▶ [WORK TASK]:
Write out again, please, the records below from the first line to the line holding "MINI 5-deurs – foto 32", inclusive, and nothing else.

▶ [RECORD EXCERPTS]:
╔══
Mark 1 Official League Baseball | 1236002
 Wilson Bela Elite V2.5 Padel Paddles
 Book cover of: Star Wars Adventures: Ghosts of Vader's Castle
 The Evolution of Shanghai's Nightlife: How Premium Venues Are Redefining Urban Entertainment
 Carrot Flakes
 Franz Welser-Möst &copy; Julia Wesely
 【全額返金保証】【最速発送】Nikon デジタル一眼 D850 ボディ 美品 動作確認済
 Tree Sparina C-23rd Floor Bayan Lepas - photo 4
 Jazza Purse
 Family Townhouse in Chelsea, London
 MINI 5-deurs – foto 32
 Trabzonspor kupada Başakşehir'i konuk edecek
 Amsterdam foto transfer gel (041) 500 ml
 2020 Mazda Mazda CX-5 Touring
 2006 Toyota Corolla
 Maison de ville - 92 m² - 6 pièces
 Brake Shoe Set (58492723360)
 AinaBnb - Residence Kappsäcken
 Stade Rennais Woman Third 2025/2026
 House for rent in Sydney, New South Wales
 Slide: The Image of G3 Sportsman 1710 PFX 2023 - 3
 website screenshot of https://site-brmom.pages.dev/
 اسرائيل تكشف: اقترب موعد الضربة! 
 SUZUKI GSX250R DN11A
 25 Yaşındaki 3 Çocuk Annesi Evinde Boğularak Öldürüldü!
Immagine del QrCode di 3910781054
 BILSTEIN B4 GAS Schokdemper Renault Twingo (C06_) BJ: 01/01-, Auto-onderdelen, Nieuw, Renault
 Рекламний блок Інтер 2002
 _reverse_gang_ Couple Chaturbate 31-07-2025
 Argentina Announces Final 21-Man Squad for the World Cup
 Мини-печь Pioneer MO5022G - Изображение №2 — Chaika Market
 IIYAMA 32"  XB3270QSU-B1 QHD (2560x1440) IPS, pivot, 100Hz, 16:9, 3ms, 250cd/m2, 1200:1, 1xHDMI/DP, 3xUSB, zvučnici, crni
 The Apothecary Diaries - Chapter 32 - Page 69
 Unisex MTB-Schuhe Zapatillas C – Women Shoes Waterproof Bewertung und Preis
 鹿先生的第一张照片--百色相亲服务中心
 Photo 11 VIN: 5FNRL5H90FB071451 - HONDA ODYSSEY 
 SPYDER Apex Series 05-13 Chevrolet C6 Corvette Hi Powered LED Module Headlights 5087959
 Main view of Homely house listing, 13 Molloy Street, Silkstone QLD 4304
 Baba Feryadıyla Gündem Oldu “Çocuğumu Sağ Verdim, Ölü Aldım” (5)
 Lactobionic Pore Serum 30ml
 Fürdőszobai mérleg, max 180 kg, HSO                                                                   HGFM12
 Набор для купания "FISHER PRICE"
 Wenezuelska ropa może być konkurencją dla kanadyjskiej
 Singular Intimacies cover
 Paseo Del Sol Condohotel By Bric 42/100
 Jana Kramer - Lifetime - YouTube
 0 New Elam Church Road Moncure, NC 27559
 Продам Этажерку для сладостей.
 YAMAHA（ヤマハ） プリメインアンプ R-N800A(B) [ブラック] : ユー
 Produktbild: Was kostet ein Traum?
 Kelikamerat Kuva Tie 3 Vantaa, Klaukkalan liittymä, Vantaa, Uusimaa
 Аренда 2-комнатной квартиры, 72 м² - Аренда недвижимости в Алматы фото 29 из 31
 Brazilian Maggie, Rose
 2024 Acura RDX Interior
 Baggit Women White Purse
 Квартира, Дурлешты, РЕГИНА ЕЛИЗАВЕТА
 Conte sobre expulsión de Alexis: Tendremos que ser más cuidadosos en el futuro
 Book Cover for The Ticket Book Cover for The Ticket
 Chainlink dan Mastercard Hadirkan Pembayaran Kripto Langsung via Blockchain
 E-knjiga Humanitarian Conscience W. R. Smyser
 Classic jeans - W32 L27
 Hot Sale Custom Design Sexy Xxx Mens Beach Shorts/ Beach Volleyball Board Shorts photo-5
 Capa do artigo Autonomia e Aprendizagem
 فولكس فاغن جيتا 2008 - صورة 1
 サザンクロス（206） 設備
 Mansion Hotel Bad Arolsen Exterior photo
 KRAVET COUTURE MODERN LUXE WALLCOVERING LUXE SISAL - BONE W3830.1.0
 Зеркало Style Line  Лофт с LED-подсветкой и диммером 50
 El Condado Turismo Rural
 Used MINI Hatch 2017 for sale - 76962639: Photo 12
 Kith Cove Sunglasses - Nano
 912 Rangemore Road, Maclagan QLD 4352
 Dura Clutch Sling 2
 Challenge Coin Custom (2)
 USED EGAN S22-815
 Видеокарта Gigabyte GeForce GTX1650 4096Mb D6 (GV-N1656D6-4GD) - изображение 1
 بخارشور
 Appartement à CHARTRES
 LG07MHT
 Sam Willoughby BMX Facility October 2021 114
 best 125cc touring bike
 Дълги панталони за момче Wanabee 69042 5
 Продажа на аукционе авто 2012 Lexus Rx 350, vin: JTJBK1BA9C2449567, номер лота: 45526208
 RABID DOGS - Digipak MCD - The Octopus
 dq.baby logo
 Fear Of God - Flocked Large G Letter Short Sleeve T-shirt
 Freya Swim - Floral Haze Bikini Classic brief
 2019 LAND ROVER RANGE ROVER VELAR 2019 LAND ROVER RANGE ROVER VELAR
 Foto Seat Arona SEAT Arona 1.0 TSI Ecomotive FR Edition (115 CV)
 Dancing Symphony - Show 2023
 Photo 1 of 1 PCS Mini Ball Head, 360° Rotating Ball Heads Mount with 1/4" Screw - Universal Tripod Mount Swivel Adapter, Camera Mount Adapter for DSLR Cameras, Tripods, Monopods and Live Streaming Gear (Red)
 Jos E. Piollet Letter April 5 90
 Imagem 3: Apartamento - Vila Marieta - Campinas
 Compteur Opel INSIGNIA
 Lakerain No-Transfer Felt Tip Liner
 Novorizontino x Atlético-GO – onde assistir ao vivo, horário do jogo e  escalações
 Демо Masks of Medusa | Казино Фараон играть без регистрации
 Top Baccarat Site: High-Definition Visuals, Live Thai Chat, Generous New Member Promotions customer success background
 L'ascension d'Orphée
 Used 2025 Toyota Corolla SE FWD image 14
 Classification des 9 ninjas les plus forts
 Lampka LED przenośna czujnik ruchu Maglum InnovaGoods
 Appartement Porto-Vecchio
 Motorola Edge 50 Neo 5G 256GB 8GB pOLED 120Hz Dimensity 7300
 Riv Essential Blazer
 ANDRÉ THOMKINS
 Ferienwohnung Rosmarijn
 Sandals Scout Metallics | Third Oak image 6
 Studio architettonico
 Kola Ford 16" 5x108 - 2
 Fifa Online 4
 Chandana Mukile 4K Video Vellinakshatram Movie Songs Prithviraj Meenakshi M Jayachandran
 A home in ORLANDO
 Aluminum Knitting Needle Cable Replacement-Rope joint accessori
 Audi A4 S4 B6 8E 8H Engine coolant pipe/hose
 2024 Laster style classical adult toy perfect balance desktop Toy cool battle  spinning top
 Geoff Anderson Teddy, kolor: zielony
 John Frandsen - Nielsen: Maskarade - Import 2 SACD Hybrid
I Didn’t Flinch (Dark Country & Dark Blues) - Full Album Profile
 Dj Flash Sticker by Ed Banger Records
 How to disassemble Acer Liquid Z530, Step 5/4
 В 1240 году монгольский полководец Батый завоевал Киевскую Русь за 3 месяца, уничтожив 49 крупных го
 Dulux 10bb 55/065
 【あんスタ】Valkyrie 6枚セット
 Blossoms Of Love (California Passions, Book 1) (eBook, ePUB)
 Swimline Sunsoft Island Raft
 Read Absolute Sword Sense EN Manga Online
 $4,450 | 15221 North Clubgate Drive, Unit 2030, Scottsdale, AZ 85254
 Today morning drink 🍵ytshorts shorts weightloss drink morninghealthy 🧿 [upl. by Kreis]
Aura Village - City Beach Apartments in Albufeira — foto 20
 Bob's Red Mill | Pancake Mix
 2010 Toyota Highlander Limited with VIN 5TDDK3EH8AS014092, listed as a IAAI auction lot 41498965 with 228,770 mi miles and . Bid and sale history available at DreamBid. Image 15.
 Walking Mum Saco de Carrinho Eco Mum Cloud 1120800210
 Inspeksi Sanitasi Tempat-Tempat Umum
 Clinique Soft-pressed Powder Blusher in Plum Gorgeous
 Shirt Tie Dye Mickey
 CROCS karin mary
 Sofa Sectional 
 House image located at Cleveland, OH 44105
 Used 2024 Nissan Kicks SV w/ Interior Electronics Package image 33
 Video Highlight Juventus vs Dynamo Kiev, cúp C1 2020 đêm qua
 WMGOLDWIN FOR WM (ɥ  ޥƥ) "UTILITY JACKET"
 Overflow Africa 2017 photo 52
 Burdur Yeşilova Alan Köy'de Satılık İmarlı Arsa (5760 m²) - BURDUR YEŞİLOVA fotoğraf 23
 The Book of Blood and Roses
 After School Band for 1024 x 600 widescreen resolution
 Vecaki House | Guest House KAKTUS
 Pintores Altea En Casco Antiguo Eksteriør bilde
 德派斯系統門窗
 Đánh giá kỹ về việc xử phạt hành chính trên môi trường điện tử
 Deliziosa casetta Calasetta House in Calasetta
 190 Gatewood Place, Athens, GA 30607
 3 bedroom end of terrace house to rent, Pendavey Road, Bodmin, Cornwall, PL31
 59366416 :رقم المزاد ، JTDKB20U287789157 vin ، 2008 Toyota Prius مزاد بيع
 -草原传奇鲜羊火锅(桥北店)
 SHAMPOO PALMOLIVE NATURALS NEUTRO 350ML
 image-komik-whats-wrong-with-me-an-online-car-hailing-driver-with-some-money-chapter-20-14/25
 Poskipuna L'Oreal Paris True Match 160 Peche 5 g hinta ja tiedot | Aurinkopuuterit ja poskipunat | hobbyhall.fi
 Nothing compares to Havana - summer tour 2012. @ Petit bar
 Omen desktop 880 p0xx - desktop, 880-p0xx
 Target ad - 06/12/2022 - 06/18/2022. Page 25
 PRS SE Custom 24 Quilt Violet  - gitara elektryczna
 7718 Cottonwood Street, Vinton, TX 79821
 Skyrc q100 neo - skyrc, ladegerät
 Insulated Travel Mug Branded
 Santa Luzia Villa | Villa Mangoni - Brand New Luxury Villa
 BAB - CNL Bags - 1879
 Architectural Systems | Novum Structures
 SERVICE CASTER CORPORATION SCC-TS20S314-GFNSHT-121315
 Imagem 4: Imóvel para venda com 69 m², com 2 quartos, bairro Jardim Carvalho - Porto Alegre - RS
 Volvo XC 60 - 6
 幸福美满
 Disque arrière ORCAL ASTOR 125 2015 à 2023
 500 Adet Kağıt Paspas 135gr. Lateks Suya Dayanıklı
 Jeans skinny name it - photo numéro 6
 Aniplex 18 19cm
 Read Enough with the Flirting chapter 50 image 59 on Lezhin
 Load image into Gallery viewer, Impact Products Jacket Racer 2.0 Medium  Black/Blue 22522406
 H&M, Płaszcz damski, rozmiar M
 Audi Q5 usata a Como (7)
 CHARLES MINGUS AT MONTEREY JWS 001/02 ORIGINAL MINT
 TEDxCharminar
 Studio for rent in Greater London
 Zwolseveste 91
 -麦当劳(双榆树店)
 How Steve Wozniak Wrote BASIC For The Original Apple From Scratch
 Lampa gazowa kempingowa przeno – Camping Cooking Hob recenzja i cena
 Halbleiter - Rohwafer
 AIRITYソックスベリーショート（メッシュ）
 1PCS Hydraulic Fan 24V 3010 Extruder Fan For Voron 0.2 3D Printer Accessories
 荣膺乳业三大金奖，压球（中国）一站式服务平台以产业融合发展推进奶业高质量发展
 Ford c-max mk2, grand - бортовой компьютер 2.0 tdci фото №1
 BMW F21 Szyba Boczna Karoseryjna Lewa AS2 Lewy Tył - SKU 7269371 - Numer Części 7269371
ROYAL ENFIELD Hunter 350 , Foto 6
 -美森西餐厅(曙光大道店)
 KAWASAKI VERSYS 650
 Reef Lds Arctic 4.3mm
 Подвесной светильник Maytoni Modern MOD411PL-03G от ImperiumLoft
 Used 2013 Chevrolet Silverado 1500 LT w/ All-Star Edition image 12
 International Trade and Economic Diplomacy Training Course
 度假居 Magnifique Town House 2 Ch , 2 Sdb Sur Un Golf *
╚══
▶ [RESPONSE]:
Mark 1 Official League Baseball | 1236002
 Wilson Bela Elite V2.5 Padel Paddles
 Book cover of: Star Wars Adventures: Ghosts of Vader's Castle
 The Evolution of Shanghai's Nightlife: How Premium Venues Are Redefining Urban Entertainment
 Carrot Flakes
 Franz Welser-Möst &copy; Julia Wesely
 【全額返金保証】【最速発送】Nikon デジタル一眼 D850 ボディ 美品 動作確認済
 Tree Sparina C-23rd Floor Bayan Lepas - photo 4
 Jazza Purse
 Family Townhouse in Chelsea, London
 MINI 5-deurs – foto 32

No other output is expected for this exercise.